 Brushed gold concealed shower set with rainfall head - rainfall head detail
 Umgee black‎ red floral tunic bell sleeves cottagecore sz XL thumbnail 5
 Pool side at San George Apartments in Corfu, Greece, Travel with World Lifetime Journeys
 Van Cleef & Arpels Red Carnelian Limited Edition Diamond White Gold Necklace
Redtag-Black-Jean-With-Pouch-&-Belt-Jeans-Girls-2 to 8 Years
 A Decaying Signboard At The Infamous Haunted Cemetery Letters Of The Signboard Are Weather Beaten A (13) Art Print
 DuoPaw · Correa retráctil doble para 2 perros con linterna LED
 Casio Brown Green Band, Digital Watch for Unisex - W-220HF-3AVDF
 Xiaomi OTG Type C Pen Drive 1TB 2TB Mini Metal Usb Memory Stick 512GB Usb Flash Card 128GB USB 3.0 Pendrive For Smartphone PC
----
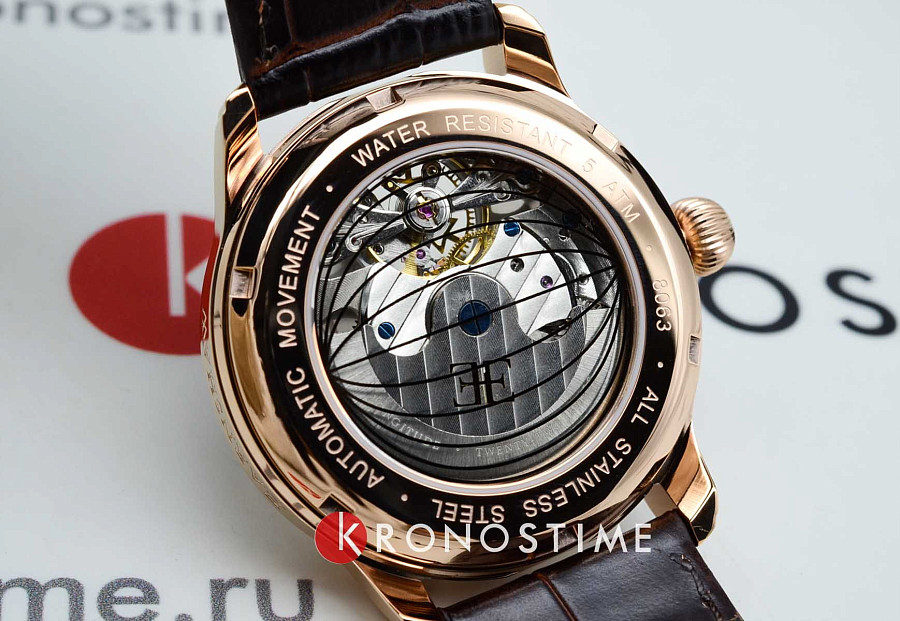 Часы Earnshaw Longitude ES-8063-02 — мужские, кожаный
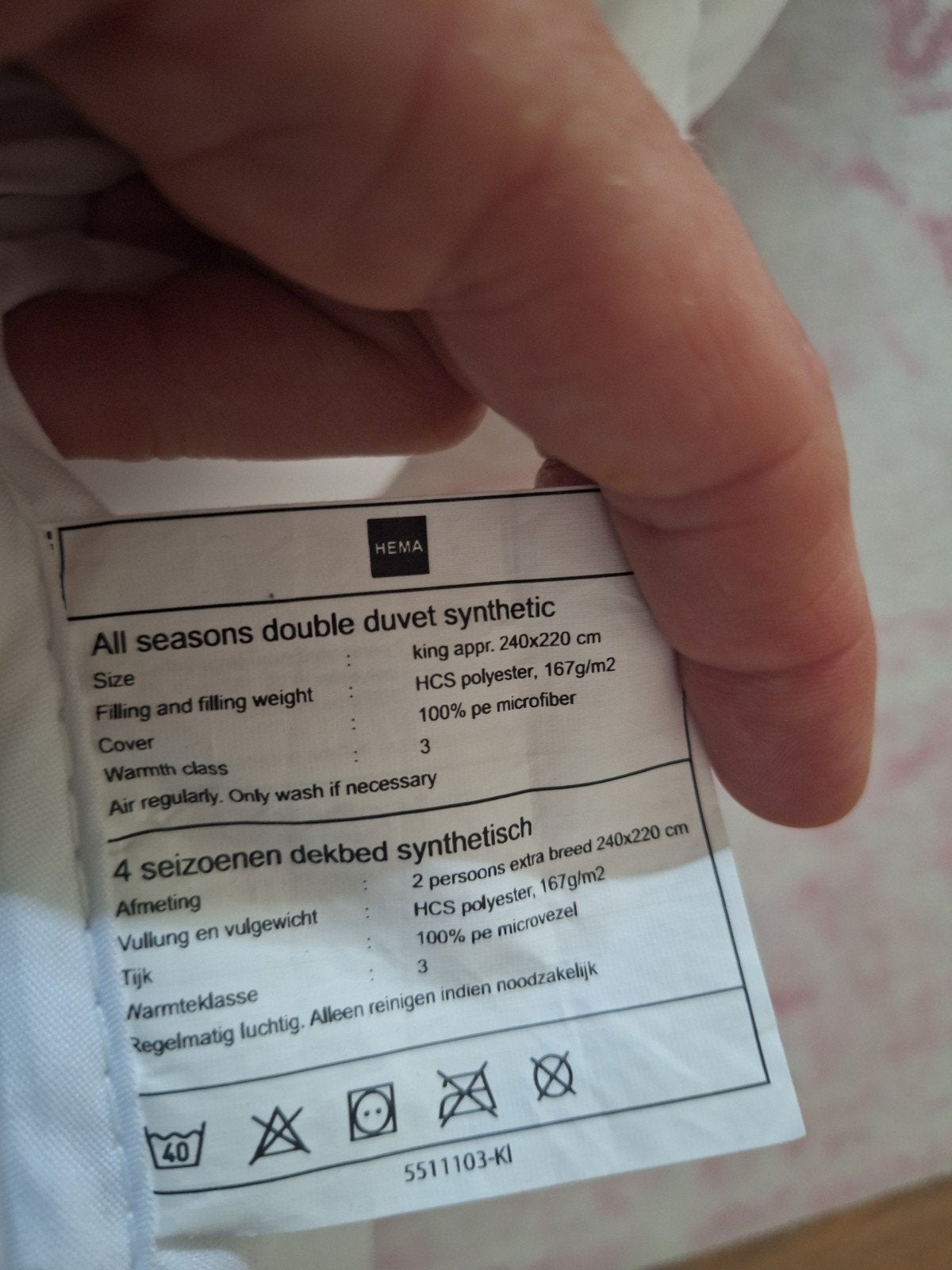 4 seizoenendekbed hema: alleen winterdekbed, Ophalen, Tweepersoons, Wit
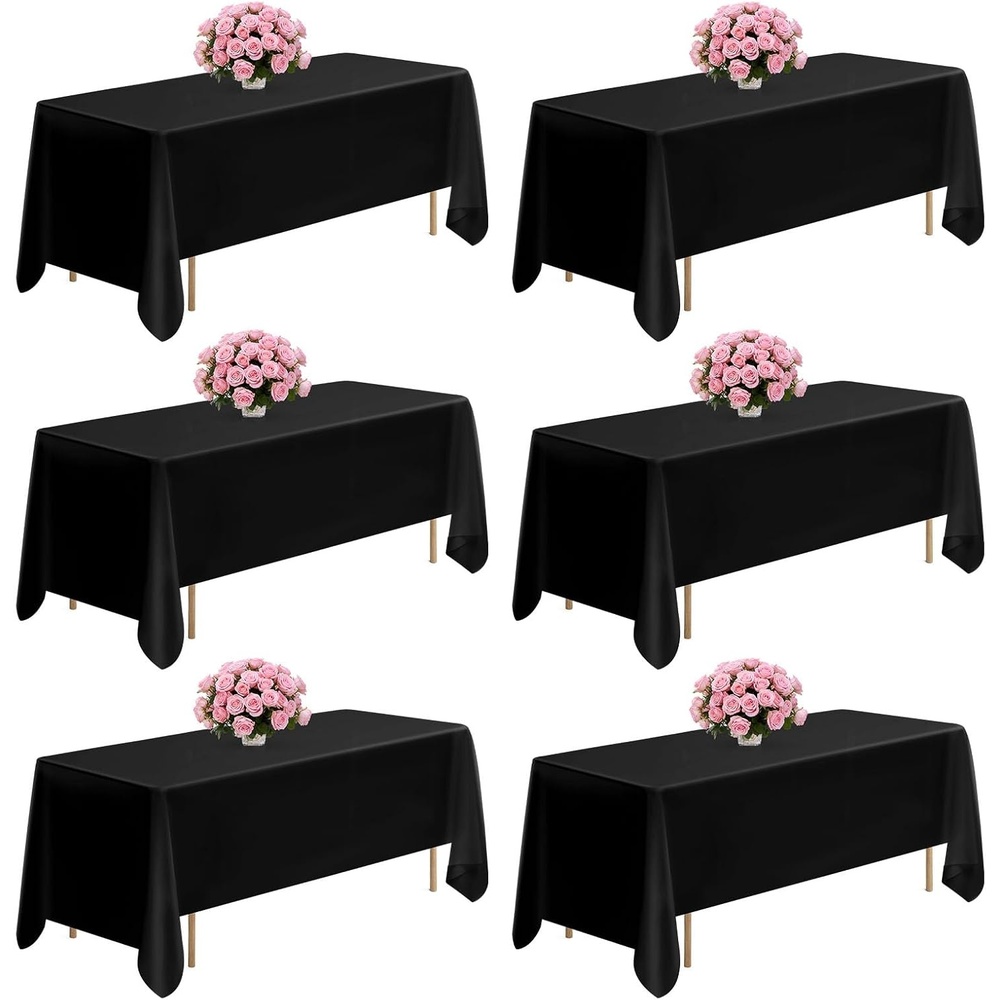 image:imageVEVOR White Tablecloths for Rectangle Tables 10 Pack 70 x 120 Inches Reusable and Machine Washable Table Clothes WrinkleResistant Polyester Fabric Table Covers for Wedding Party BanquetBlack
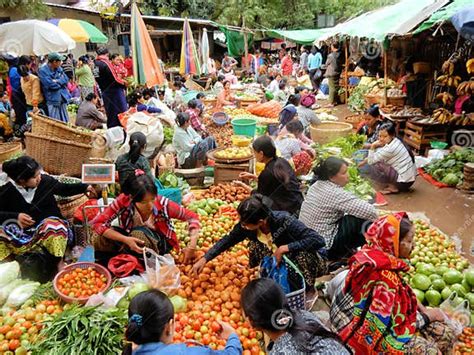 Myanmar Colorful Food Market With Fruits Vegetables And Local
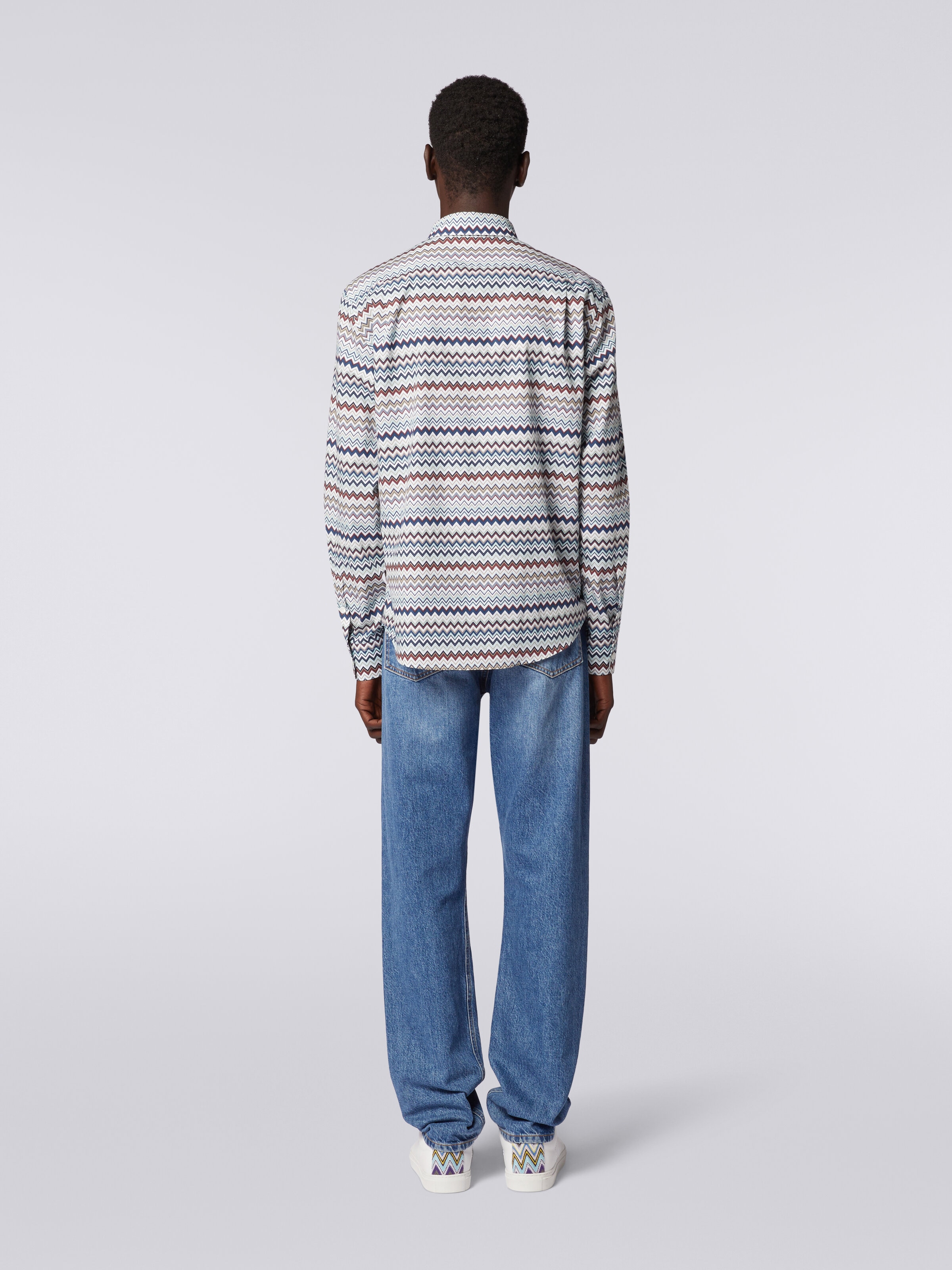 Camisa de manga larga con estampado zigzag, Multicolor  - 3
----
» **Try it**
Using the listing above, copy exactly the line that contains "DuoPaw · Correa", the line that contains "Xiaomi OTG Type", and each line that falls between them.

» **Written solution**
 DuoPaw · Correa retráctil doble para 2 perros con linterna LED
 Casio Brown Green Band, Digital Watch for Unisex - W-220HF-3AVDF
 Xiaomi OTG Type C Pen Drive 1TB 2TB Mini Metal Usb Memory Stick 512GB Usb Flash Card 128GB USB 3.0 Pendrive For Smartphone PC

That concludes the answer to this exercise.